Violence – or perhaps more specifically the fear of violence – was a constant theme, with proposals mooted that would see a wall built around the players entrance at Wembley after Liverpool players were attacked at the Charity Shield (which they won, beating Southampton), residents near Derby’s Baseball Ground attempted to take out an injunction preventing football being played at the stadium, a Nottingham councillor declared fans should be ‘hosed down with water jets’ should they get too unruly, while Manchester United manager Tommy Docherty repeatedly called for the return of the birch, for persistent offenders.

As an aside, Docherty would encounter his own problems the following summer, when his affair with United physio Laurie Brown’s wife lead to his sacking. “I certainly did not expect this,” Docherty said when his dismissal was announced. “It was a bombshell. I thought I would have been judged on my playing record, like Wembley in two successive years, one of them victorious.” The ditty ‘Who’s up Mary Brown?’ would become a terrace staple for years to come.

Nonetheless, ribald chanting wasn’t the extent of the trouble on the terraces, and United fans seemed to be at the heart of it. After a particularly spicy occasion at Norwich, clubs across the country contemplated banning United away fans entirely (which a few actually did) while Howell promised to bring in special measures to prevent more trouble. Calls for the end to the football special trains were made, hands were wrung but trouble continued to occur, notably at a friendly between Rangers and Aston Villa that had to be abandoned due to a pitch invasion that saw bottles thrown, policeman fought, over 100 injured and 50 arrested. To clarify: that was in a friendly.

Still, in rather more peaceful occurrences, the title race in 1976/77 was a humdinger. Liverpool barely left the top two after the start of September, but that doesn’t mean they weren’t pushed – on this occasion by Manchester City and Ipswich Town. Bobby Robson’s Ipswich were in the middle of their extraordinary decade or so under him when they only finished lower than sixth in the league once, while City continued their gradual improvement under Tony Book, who had arguably their best side in years.

Liverpool began the season in imperious style, losing just two of their first 16 games, highlights of which included a 3-1 Merseyside derby victory and a 5-1 thrashing of Leicester, about which Foxes boss Jimmy Bloomfield said: “It is frightening to think what Liverpool are going to do to a team that plays badly against them.” ‘The rest of the First Division can really start worrying now,’ wrote Paul Fitzpatrick in the Guardian, as Liverpool went five points clear at the top of the table.

Neither Ipswich nor City began the season in such style, but by December they had both found some form and caught up with the defending champions, and one eye-catching result in particular saw Ipswich beat John Giles (who, like Billy Bremner and Norman Hunter, left Leeds that year) and West Brom by a vidiprinter-busting score of 7-0. They were helped out rather by a Liverpool wobble as winter closed in, as they lost three in four during December then scrambled a 1-1 draw against City via an 89th-minute Dave Watson own-goal.
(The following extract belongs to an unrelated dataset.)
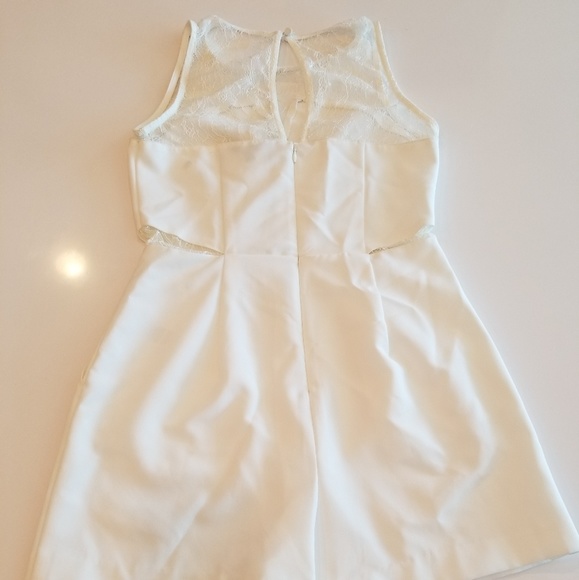 Dynamite lace top off white romper - Picture 3 of 6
That run also featured a 5-1 hosing by Aston Villa, Bob Paisley’s side’s worst defeat in 13 years and about which Tom Fox in the Times wrote that Villa ‘made Liverpool cower and crash’ and that they ‘were fortunate not to concede even more.’ “I haven’t let in five since I played for the Scunthorpe ‘A’ team 12 years ago,” said Liverpool keeper Ray Clemence afterwards.

From that point, the race was close until virtually the end of the season: every time Liverpool looked like pulling clear, such as a weekend in February when they beat Derby (who were in the process of trying to lure back Brian Clough and Peter Taylor, after Dave Mackay was sacked) while Ipswich and City lost to Leicester and Bristol City respectively, they would be hauled in again, to the extent that Ipswich actually inched to the top of the table by April.

Ultimately though, it was how the sides coped with injuries that would prove key, with Ipswich in particular suffering from various ailments, such as the curious case of Kevin Beattie, who burned his face after rather unwisely trying to spice up a bonfire in his back garden. That kept him out for the last seven games of the season, and with both Paul Mariner and Mick Mills also missing games, Robson’s men gradually fell away, losing seven of their last 13 and eventually finishing five points off top spot.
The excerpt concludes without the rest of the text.